20th Century Fox wanted the film to be set in Italy. An early draft of the script was set in Naples. Scott argued that if the setting would be Italy, then the film would have to be a period piece, since by the 2000s kidnappings became a rare occurrence in Italy. Mexico City became the setting of the 2004 film because Mexico City had a high kidnapping rate, and due to other reasons. As a result, the character Rika Balletto was renamed Lisa Martin Ramos, and Pinta Balletto was renamed Lupita "Pita" Ramos. Ettore Balletto became Samuel Ramos. Robert De Niro was originally offered the role of Creasy. Prior to his death, Marlon Brando was the original choice to play Rayburn.

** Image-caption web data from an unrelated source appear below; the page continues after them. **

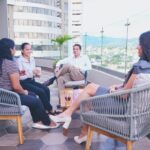 Business team having a casual meeting on a rooftop terrace with a cityscape view.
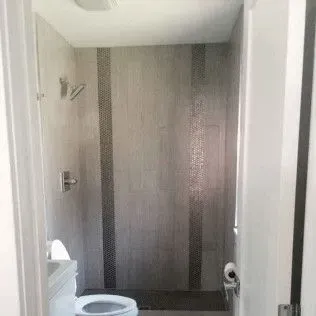Bathroom interior with a shower, toilet, and gray tiled walls.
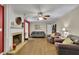 Spacious living room with hardwood floors, fireplace and lots of natural light at 3563 Castleridge Dr, Tucker, GA 30084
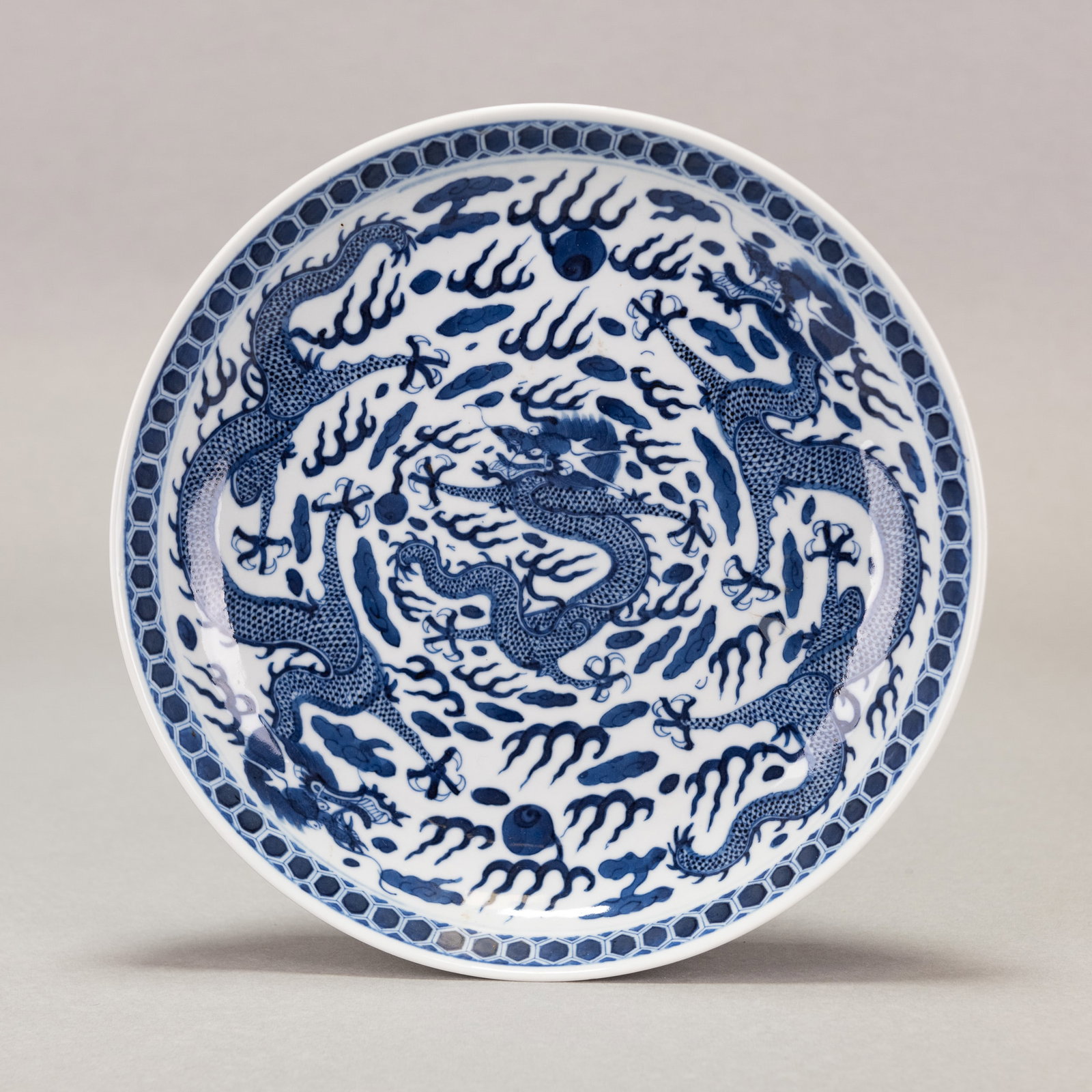 CHINESE BLUE AND WHITE DRAGON CHARGER, GUANGXU MARK AND PERIOD: Chinese blue and white dragon charger, Guangxu mark and period, the well-potted body with shallow rounded sides rising from a slightly tapered foot to a slightly flared rim, centered with a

Man On Fire opened in the U.S. on April 23, 2004 in 2,980 theaters and grossed $22,751,490 with an average of $7,634 and ranking #1 at the box office. The films widest release was 2,986 theaters and it ended up earning $77,911,774 in North America and $52,381,940 internationally for a total of $130,293,714 worldwide, above its $70 million production budget. The film was successful in the U.S. home video market, grossing more than $123 million in DVD and VHS rentals and sales in U.S.
The film received mixed reviews from critics and has a rating of 39% on Rotten Tomatoes based on 161 reviews with an average rating of 5.2 out of 10. The consensus states "Man on Fire starts out well, but goes over the top in the violent second half." The film also has a score of 47 out of 100 on Metacritic based on 36 reviews.
Paul Davies, a journal article author, said that the critical reception to Man on Fire in the United States was "somewhat less than kind" because critics did not like the vigilantism that Creasy uses. Davies argues that "most critics missed" Creasy not taking "sadistic pleasure" in the killings since he kills to get information to get to all of the people involved in the kidnapping of Pita Ramos, and does not like harming innocent parties.
A. J. Quinnell had a favorable reception to this adaptation, mainly because the film used many of the book's lines. Quinnell said that usually screenwriters "like to leave their mark on the product." Quinnell added that even though he usually dislikes film adaptations of books, the writers "did a good job with Man On Fire and I loved the chemistry between Creasy and the girl" and "When I first heard Denzel was playing the part of Creasy I missed a couple of heartbeats but he played the part brilliantly. The film is violent and if the anger is not portrayed properly, the result can be awful." Kevin Freese of the Foreign Military Studies Office stated that "it appears that the allusion" of the fictional Sánchez brothers with the real Arizmendi brothers "escaped the comprehension of much of the audience."
The cut "Smiling", from the soundtrack composed by Harry Gregson-Williams, has been adopted as the theme of a number of television commercials for Omega Watches in 2012 to 2013. The Soundtrack contains 20 tracks, was composed by Harry Gregson-Williams, and was released on July 27, 2004.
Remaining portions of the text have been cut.